Bugün de Hıms’da ve Hama’da ve İdlib’de gösteriyorlar.

Ben ne dersem diyeyim zırvalamış olacağım, saçmalamış olacağım ve mezhepçilik yapmış olacağım..!? Peki, gözlerinin önünde karısına tecavüz edilen, gözleri önünde annesine tecavüz edilen çocukların acısı ve ızdırabı yetmiyormuş gibi, insanları hayvanlardan da daha acımasız bir biçimde boğazlayan ve ateşle yakan ve kimyasal silah kullanma -ki Suriye ordusu şu anda Rusların kullandığı zehirli mermileri ve küçük çapta uranyum içeren mermileri kullanmaktadır- sebebiyle vurulan insanların cesedlerinin neye dönüştüğünü görmediniz mi?. Bunu teröristler yapmışlar ve onları yakmışlar demek yalan söyleyenlere hiç de zor değil. Bütün bunları acaba Suriye’de kendileriyle “vahdet” oluşturmak istediğiniz Sünnet Ehli Müslümanlara izah etmeniz ve onların hain olduklarını ve emperyalizmin hakimiyeti için çalıştıklarını söyleyebilir misiniz?,

Burada her şeyi bir tarafa bırakıp şu sorunun cevabı aramalı; Ayetullah Hamenei ve bütün ayetleri; sizin bu tecavüzlere göz yummanız Allah’ın onayı mıdır yoksa nedir?
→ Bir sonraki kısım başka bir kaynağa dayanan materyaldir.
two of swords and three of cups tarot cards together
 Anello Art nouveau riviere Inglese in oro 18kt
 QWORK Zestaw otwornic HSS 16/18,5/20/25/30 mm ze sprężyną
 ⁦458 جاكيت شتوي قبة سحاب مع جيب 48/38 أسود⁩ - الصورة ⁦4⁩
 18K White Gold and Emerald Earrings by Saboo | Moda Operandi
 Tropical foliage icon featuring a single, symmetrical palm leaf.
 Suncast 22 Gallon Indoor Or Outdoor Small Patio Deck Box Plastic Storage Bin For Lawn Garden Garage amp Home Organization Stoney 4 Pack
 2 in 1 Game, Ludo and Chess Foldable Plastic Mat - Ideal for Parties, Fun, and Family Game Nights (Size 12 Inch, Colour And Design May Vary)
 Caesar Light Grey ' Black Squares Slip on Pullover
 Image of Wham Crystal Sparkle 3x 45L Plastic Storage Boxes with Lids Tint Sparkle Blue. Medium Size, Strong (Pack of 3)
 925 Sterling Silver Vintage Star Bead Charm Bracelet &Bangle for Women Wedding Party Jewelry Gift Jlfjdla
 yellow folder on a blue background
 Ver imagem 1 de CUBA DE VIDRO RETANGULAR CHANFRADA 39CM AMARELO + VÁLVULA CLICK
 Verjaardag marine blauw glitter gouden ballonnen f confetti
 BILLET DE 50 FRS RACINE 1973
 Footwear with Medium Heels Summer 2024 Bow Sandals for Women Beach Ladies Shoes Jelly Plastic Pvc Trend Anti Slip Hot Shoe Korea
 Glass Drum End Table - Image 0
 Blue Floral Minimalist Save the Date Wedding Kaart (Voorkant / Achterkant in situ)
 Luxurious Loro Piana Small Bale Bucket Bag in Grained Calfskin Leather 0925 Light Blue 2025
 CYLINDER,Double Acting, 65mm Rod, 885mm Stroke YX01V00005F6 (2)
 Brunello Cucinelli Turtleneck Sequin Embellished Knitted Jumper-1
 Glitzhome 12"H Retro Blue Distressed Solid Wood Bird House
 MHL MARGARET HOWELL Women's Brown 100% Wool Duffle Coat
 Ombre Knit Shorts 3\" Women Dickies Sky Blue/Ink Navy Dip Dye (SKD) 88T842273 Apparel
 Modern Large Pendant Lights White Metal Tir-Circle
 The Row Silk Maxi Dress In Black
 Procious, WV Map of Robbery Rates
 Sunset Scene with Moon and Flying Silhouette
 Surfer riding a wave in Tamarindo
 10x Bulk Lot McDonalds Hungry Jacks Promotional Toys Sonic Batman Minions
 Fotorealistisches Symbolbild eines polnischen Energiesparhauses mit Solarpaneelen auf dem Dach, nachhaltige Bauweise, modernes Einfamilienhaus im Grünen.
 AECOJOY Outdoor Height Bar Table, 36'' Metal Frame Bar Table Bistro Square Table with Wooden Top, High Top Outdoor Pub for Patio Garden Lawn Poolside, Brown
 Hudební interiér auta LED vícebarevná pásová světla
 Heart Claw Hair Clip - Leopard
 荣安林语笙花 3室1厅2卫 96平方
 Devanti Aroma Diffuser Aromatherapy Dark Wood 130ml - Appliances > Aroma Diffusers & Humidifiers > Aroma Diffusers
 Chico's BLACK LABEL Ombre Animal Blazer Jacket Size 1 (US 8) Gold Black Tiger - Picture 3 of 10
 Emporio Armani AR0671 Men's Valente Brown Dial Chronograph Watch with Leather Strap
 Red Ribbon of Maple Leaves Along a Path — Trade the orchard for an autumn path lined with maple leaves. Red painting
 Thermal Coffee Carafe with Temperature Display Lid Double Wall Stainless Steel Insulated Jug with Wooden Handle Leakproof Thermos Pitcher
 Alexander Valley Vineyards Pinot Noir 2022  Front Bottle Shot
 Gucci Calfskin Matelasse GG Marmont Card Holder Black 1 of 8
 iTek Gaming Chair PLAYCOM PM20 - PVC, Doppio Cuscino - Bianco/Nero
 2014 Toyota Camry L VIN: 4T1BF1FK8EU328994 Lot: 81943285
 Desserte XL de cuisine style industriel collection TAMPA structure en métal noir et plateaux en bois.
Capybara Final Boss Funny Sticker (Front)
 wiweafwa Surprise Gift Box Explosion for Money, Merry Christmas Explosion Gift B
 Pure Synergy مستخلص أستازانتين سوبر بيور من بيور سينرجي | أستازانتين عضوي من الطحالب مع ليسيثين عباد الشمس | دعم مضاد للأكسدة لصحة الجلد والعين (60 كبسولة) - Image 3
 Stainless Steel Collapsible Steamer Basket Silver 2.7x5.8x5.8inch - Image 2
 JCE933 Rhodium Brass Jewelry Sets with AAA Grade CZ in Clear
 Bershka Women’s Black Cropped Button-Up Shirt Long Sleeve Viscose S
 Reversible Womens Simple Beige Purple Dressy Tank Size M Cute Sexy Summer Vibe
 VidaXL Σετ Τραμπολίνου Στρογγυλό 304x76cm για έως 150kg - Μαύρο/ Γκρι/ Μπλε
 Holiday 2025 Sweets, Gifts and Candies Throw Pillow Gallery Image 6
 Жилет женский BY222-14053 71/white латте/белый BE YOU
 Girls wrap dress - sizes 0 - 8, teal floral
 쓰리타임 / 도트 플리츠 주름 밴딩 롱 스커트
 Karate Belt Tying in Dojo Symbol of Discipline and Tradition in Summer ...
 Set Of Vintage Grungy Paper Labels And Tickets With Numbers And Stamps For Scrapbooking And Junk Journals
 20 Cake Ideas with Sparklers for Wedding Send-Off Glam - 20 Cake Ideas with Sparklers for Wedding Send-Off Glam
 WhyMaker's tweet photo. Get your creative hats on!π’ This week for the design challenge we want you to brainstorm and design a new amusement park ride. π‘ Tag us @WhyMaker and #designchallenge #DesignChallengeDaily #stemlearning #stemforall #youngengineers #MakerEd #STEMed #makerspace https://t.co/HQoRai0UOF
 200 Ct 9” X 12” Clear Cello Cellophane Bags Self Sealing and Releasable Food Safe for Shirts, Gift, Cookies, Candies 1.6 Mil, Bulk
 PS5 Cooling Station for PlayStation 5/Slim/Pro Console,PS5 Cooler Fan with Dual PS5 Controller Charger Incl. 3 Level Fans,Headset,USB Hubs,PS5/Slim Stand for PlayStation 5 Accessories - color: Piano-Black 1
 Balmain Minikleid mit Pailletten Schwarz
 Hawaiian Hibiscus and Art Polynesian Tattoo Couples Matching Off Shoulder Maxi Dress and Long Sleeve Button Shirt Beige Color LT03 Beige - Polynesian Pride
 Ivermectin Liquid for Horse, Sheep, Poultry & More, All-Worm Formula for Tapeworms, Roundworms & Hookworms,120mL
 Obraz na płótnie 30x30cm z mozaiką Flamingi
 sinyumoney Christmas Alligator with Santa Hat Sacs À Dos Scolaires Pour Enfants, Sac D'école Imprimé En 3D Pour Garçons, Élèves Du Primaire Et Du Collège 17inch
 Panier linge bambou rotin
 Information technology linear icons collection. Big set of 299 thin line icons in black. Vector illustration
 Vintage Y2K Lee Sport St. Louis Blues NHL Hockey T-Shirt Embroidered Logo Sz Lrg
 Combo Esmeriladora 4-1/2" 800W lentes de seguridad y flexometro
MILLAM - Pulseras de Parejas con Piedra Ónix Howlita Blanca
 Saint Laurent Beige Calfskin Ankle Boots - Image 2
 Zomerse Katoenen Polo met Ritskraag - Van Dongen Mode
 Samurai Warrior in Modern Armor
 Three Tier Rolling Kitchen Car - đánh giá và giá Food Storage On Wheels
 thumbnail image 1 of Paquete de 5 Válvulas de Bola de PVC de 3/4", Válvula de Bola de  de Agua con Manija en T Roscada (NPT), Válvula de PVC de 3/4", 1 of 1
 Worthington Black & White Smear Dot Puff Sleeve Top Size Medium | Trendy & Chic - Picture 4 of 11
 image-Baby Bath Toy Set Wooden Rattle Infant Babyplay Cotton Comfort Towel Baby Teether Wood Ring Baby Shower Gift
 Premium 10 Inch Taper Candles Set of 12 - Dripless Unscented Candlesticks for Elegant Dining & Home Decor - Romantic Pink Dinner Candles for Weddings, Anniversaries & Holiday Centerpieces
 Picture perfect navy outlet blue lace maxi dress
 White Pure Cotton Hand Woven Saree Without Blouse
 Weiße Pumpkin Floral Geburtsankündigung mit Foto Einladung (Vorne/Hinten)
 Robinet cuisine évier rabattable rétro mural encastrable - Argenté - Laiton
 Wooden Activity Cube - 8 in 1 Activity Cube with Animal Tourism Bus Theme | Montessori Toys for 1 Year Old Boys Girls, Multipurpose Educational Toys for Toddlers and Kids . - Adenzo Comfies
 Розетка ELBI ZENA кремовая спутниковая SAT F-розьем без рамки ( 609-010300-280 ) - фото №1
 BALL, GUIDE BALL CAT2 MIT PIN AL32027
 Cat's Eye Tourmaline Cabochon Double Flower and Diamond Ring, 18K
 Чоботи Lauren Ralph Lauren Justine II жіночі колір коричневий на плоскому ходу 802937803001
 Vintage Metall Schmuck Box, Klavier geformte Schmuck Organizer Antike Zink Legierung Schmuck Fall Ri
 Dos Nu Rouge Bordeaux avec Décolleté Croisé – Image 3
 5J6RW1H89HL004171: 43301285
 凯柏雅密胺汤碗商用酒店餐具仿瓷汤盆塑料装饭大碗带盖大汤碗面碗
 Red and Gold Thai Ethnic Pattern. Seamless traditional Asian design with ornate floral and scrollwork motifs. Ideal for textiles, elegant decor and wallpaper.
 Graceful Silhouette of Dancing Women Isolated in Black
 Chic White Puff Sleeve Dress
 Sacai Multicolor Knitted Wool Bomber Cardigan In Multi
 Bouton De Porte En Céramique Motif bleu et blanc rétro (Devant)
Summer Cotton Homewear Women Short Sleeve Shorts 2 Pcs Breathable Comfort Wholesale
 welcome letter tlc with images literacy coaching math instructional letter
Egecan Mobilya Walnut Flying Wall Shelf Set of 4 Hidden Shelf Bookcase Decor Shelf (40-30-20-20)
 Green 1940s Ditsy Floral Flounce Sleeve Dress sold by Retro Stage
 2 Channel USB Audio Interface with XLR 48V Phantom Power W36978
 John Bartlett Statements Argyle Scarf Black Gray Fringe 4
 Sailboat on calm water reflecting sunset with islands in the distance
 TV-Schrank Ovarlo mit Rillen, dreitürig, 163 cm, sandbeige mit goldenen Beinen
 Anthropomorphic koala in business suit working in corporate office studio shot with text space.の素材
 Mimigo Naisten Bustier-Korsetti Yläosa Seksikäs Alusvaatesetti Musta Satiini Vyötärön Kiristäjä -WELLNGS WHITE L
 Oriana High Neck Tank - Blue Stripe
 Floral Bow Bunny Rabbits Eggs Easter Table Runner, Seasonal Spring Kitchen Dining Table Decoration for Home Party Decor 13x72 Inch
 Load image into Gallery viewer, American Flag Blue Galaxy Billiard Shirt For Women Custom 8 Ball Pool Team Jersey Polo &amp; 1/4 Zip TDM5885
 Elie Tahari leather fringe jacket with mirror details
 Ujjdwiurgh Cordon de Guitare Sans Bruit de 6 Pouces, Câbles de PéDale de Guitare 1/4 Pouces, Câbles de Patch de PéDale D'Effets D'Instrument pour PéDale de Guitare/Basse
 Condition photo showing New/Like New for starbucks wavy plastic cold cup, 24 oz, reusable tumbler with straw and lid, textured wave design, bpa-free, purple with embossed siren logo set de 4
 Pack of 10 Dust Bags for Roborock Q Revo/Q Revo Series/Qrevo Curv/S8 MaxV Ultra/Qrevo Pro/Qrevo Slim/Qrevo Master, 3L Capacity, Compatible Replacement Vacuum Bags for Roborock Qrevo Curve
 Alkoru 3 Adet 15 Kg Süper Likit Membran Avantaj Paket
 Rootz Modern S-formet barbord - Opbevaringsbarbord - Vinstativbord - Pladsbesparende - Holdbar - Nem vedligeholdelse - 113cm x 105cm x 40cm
Suriyeli Müslümanların kadınlarına ve kızlarına karşı girişilen bu iğrenç saldırıların arkasında durmanız demek; bu kâfir rejimin sizin desteğinizle bu tecavüzleri yaptığını kanaatimizi pekiştiryor.

BURADA İSTER İRANIN SİYASİ VE AKİDEVÎ İZLEYCİSİ OLSUN İSTER NEFSİNİN ZULMETİNE SAKLANMIŞ OLAN KİM OLURSA OLSUN. ONLARA SESLENİYORUM:

NUSAYRİ KÂFİR CANİLERİNİN KADINLARIMIZA TECAVÜZLERİNİ GÖRMEZDEN GELMENİZ; DÜNYANIN GÖZÜ ÖNÜNDE ACABA HANGİ DİNDEN OLDUĞUNUZU ORTAYA KOYMAKTADIR?

İNSANLIĞI BU DİNE DAVET EDEBELİCEK MİSİNİZ?

BUNUNLA ALLAH’A İMAN ETTİĞİNİZİ SÖYLEYEBİLECEK MİSİNİZ?


Selman Rüşdi fetvasını unutmayın! Biz de unutmadık nasıl siyasi ve aldatıcı bir fetva olduğunu. Diyorum ki; emperyalizm bahanesiyle, Beşşar’ın zulmünü ve katillerini ve onun hırsız ordusunun ve kâfir Nusayrilerin tecavüzlerinin karşısında susan ve Suriye’deki vahşi zalimi bu tecavüzlere fetva vermişlerdir. Buna bütün İran siyasileri ve Türkiye’deki dostları da dâhildir. Artık utanmalısınız diyorum..

Eğer siz de birazcık hayâ ve utanma varsa; bu tecavüzlerin bir an sona ermesi ve Müslümanların yeni bir işgal yaşamadan kendi geleceklerini kendilerinin belirlemesinin önünde engel olmayın.. Ümmetin aklına uyguladığınız narkozun süresi doluyor bunu bilmelisiniz!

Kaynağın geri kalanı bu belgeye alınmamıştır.